The claimant widow thereupon appealed to the superior court, and in a trial subsequently had before a jury a verdict was returned in her favor on December 9, 1942. The court on December 19, 1942, entered judgment on the verdict, reversing the decision of the joint board and directing the department to award the widow a pension.
The statute in existence at the time of the workman’s alleged injury in October, 1937, and also at the time of his death on April 15, 1940, fixed the amount of a widow’s pension in the sum of thirty-five dollars a month. While the widow’s application for pension was still pending before the *805department, and prior to the time of its disposition in the superior court, the legislature in 1941 amended the statute by increasing the amount of a widow’s pension to fifty dollars a month. Laws of 1941, chapter 209, p. 625, § 1(a) (1), Rem. Supp. 1941, §7679. However, as will be explained in more detail a little later, the 1941 act of the legislature was submitted to the vote of the people in the form of referendum measure number 22 and did not become fully effective until the adoption of the measure had been officially proclaimed by the governor on December 3, 1942.
Upon remand of the cause by the superior court to the department on December 19, 1942, the supervisor entered an order on January 6,1943, allowing and fixing the widow’s pension in the sum of thirty-five dollars a month; charging the employer’s accident cost experience with the sum of forty-five hundred dollars; and setting up a statutory reserve of $7,339.42. That order was based upon the statute in force prior to the adoption of the 1941 act. The ruling of the supervisor was approved by the joint board on February 1, 1943.
The widow, deeming herself aggrieved by the decision of the department, in that it awarded her a pension of only thirty-five dollars a month, instead of fifty dollars as contended for, again appealed to the superior court. Upon a hearing before the court, without a jury, findings were made, in accordance with which judgment was entered dismissing the widow’s appeal from the decision of the department. From that judgment the claimant widow appealed to this court.
The specific question presented on the appeal is whether the appellant widow is entitled to be paid a pension of fifty dollars a month, rather than the sum of thirty-five dollars a month, from and after December 3, 1942, the effective date of chapter 209, Laws of 1941, embodied in referendum measure number 22. She makes no claim for increased pension for any period prior to that date. Expressed somewhat more definitely with reference to the agreed facts in the case, the question is whether the widow shall now *806receive a pension in accordance with the law as it existed on October 27, 1937, the date of the injury alleged to have been sustained by her husband, or whether she is entitled to receive a pension determined by the law which was enacted by the legislature in 1941, after the workman’s death, and which did not become finally effective until its adoption by the electorate, as officially proclaimed on December 3, 1942.

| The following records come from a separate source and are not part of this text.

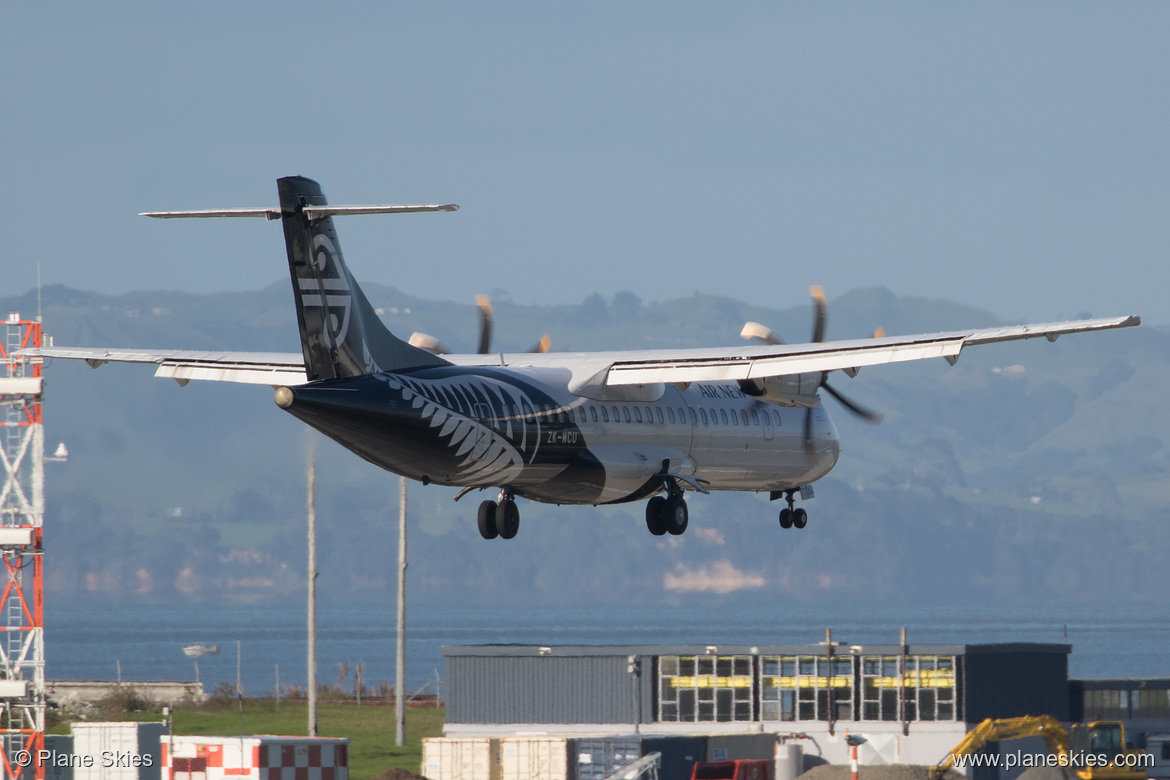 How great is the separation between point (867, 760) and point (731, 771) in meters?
7.16

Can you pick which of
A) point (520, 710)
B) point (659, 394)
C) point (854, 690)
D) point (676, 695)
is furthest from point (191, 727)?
point (659, 394)

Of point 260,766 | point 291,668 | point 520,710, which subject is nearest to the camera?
point 260,766

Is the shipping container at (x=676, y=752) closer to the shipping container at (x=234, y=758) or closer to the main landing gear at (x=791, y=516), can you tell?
the main landing gear at (x=791, y=516)

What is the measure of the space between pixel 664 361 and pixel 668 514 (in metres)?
3.63

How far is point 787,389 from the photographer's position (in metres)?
36.7

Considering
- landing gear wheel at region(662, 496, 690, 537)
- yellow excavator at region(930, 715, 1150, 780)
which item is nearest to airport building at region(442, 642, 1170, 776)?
yellow excavator at region(930, 715, 1150, 780)

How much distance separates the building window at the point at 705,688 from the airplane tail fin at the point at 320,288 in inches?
942

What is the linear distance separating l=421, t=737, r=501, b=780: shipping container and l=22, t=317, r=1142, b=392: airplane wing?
46.1ft

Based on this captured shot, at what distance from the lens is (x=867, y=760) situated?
1912 inches

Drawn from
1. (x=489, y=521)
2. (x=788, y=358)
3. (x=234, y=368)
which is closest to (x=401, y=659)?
(x=489, y=521)

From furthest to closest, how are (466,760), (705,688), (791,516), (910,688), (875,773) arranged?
(705,688) < (910,688) < (466,760) < (875,773) < (791,516)

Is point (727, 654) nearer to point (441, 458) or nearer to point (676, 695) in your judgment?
point (676, 695)

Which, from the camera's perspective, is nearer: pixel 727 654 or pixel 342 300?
pixel 342 300

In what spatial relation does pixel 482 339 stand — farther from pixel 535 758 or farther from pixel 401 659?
pixel 401 659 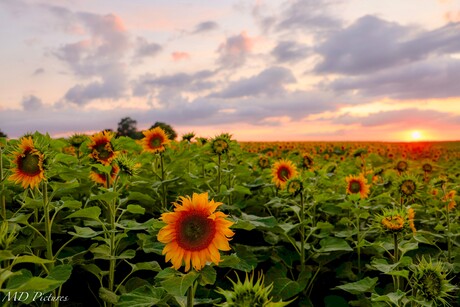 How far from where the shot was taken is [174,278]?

Since the legislative act of 1941, chapter 209 (Rem. Supp. 1941, § 7679), merged into, and depends for its effectiveness upon, the subsequently adopted referendum measure, we shall, unless indicating otherwise, hereinafter refer to the 1941 act as referendum measure 22.
While the ultimate issue in this case concerns the extent of application of a legislative provision, the determination of that issue requires judicial construction of the act, or referendum measure, immediately in question. Counsel for the opposing parties invoke, and accordingly concede the necessity for, a construction of the measure by the court, and their divergent interpretations of its true meaning make all the more certain the necessity for such construction.
The fundamental purpose or object of all judicial construction or interpretation of legislative enactments is to ascertain, if possible, and give effect to, the intention of the lawmakers. Layton v. Home Indemnity Co., 9 Wn. (2d) 25, 113 P. (2d) 538, and authorities therein cited.
In the process of arriving at the intent of the legislative body, the first resort of the courts is to the context and subject matter of the legislation, because the intention of the lawmaker is to be deduced, if possible, from what it said. Behrens v. Commercial Waterway Dist. No. 1, 107 Wash. 155, 181 Pac. 892, 185 Pac. 628; In re Sanborn, 159 Wash. 112, 292 Pac. 259.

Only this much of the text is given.